### Records supplied
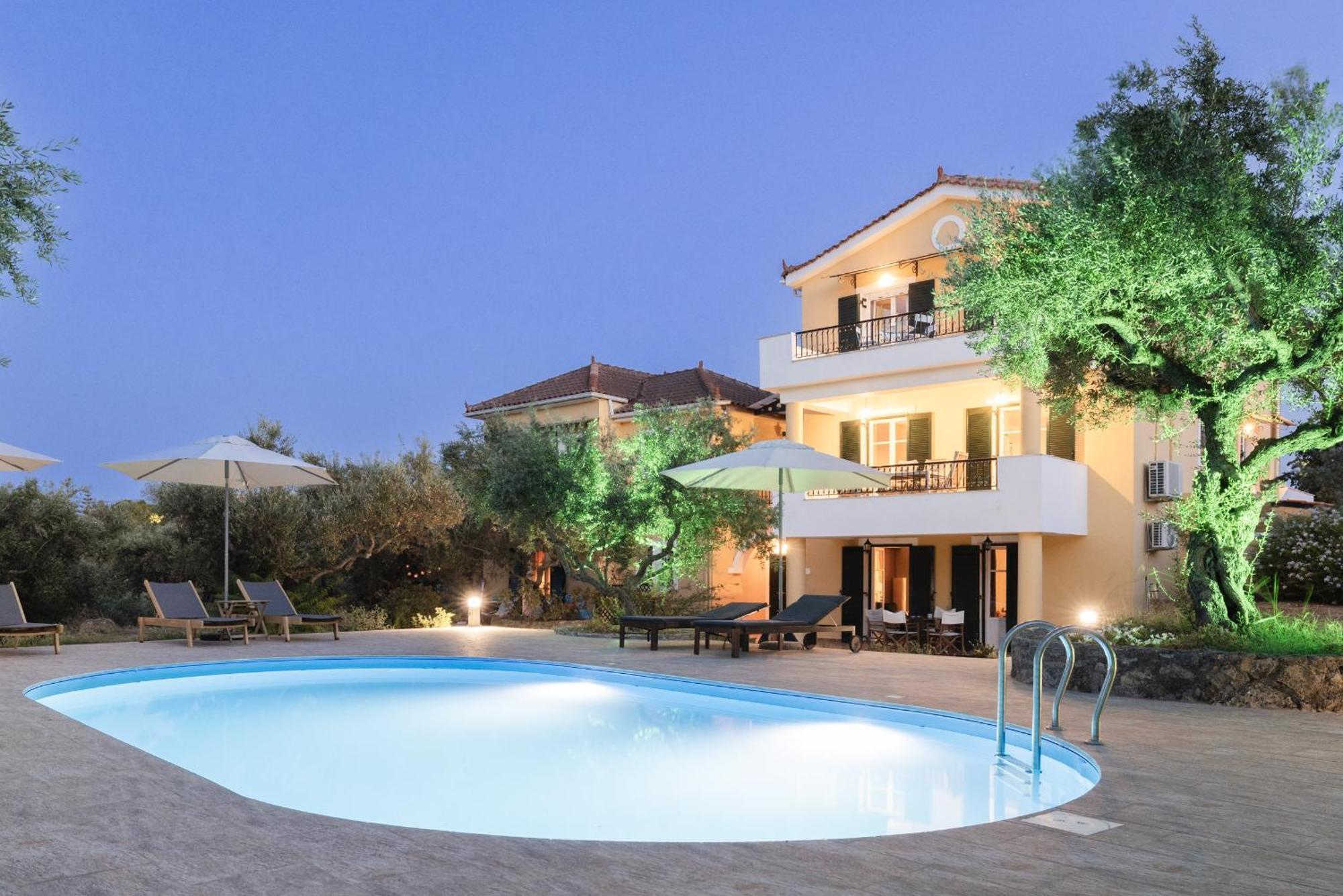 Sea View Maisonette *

==

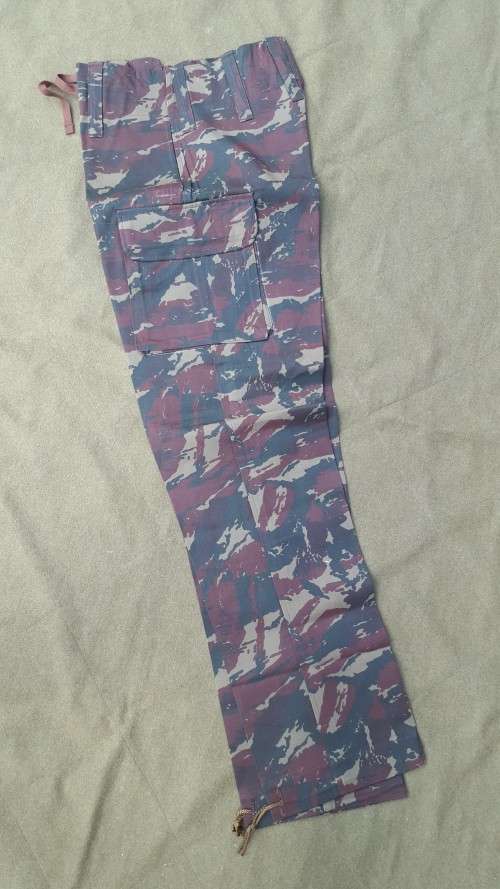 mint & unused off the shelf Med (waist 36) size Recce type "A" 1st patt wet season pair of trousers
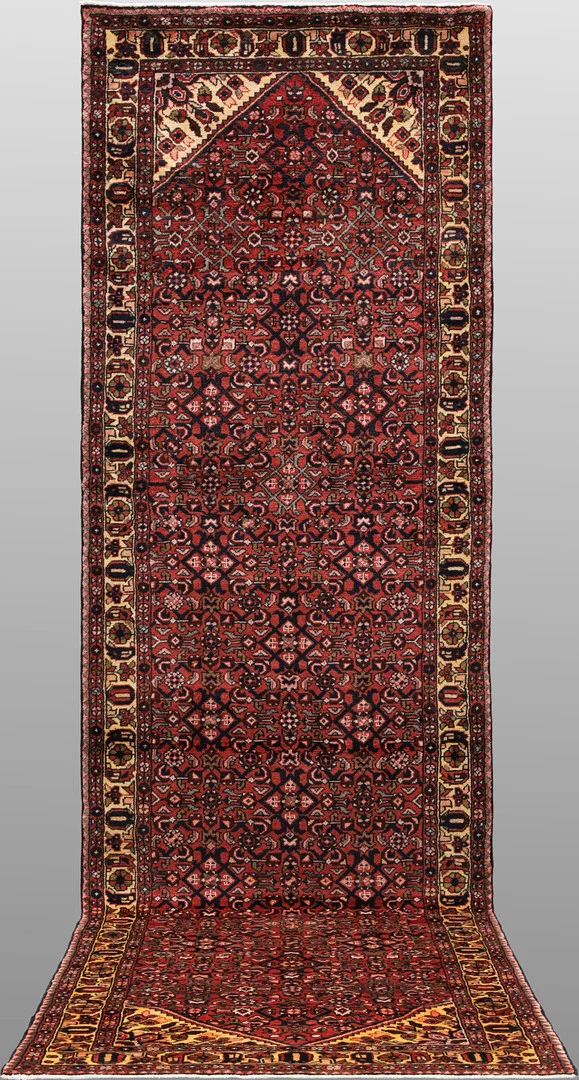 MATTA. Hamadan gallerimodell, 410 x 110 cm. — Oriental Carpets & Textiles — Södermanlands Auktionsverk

### Problem description
What should come back is an exact copy of the lines above from the line with "mint & unused" to the line with "MATTA. Hamadan gallerimodell, 410", both included, minus the pictures.

### Exercise solution
 mint & unused off the shelf Med (waist 36) size Recce type "A" 1st patt wet season pair of trousers
 MATTA. Hamadan gallerimodell, 410 x 110 cm. — Oriental Carpets & Textiles — Södermanlands Auktionsverk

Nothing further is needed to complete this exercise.